MarketCamp
Financial Plan
MarketCamp will finance growth mainly through cash flow. We recognize that this means we will have to grow more slowly than we might like.
The most important factor to our success is collection days. We can’t push our clients hard on collection days, because they are in larger companies and will normally have marketing authority, not financial authority. Therefore, we need to develop a permanent system of receivables financing, using one of the established financial companies in that business.
We are also assuming start-up capital which will be more than enough to cover salaries, artwork and other expenses while the business begins to produce more cash.
We may take more financing than we originally planned to be able to bring in some very key investors as equity partners, more for their connections to potential clients in Mexico City than for the investment itself.
7.1 Important Assumptions
The Financial Plan depends on important assumptions, most of which are shown in the following table as annual assumptions.
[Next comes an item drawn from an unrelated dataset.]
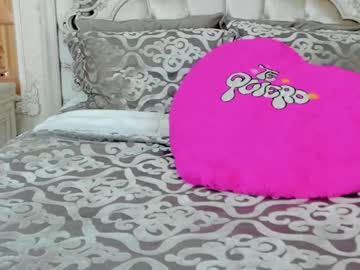 webcam girl shantallknowless today image #2887538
The monthly assumptions are included in the appendix. From the beginning, we recognize that collection days are critical, but are not a factor we can influence easily. Interest rates, tax rates, and personnel burden are based on conservative assumptions.
Some of the more important underlying assumptions are:
- We assume an economy slightly crippled by the George W. Bush administration in the U.S. and by the skepticism caused by the fall of the dot-coms with terrible business models.
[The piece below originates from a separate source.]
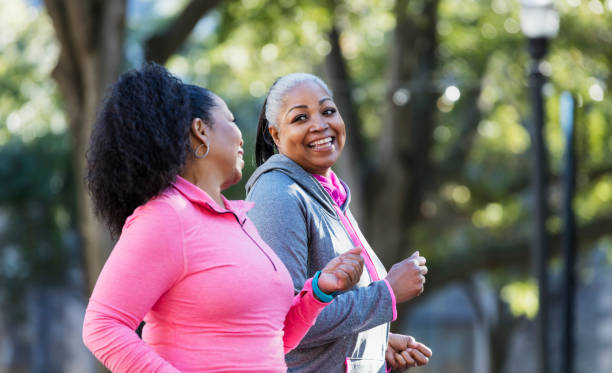 maduras mulheres afro-americanas na cidade, exercendo - friendship women two people exercising - fotografias e filmes do acervo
- We assume that we can communicate the service to Mexican business owners.
General Assumptions | |||
Year 1 | Year 2 | Year 3 | |
Plan Month | 1 | 2 | 3 |
Current Interest Rate | 10.00% | 10.00% | 10.00% |
Long-term Interest Rate | 10.00% | 10.00% | 10.00% |
Tax Rate | 25.42% | 25.00% | 25.42% |
Other | 0 | 0 | 0 |
7.2 Key Financial Indicators
The Benchmarks chart shows our projections on an index basis for key financial indicators.

7.3 Break-even Analysis
The following chart and table summarize our Break-even Analysis showing fixed costs in U.S. dollars per month at the outset (a bare minimum), and what we need to bill to cover our costs. We don’t really expect to reach break-even until a few months into the business operation.

Break-even Analysis | |
Monthly Revenue Break-even | $17,510 |
Assumptions: | |
Average Percent Variable Cost | 19% |
Estimated Monthly Fixed Cost | $14,142 |
7.4 Projected Profit and Loss
Projected Profit and Loss is presented in the following table and charts.
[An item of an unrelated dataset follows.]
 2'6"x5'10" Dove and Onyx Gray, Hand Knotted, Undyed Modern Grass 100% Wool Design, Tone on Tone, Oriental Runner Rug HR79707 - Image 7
Pro Forma Profit and Loss | |||
Year 1 | Year 2 | Year 3 | |
Sales | $297,310 | $420,000 | $610,000 |
Direct Cost of Sales | $57,183 | $80,860 | $117,561 |
Other | $39,581 | $44,000 | $48,000 |
Total Cost of Sales | $96,763 | $124,860 | $165,561 |
Gross Margin | $200,547 | $295,140 | $444,439 |
Gross Margin % | 67.45% | 70.27% | 72.86% |
Expenses | |||
Payroll | $80,252 | $113,000 | $158,000 |
Sales and Marketing and Other Expenses | $41,372 | $48,000 | $61,000 |
Depreciation | $0 | $0 | $0 |
Leased Equipment | $15,832 | $17,000 | $19,000 |
Utilities | $1,800 | $2,000 | $2,000 |
Insurance | $2,400 | $3,000 | $3,000 |
Rent | $12,000 | $24,000 | $26,000 |
Payroll Taxes | $16,050 | $22,600 | $31,600 |
Other | $0 | $0 | $0 |
Total Operating Expenses | $169,707 | $229,600 | $300,600 |
Profit Before Interest and Taxes | $30,840 | $65,540 | $143,839 |
EBITDA | $30,840 | $65,540 | $143,839 |
Interest Expense | $667 | $3,000 | $3,500 |
Taxes Incurred | $7,420 | $15,635 | $35,669 |
Net Profit | $22,753 | $46,905 | $104,669 |
Net Profit/Sales | 7.65% | 11.17% | 17.16% |
7.5 Projected Cash Flow
Cash flow is going to rely on the time to collect from account receivables. Carlos Silva, Raul Garcia and others who have more experience working with Mexican businesses will be able to help us estimate both the collection and payment times. We are working on an assumption of 30 days to collect. Clients will pay at the beginning of each month except when this is impossible for them.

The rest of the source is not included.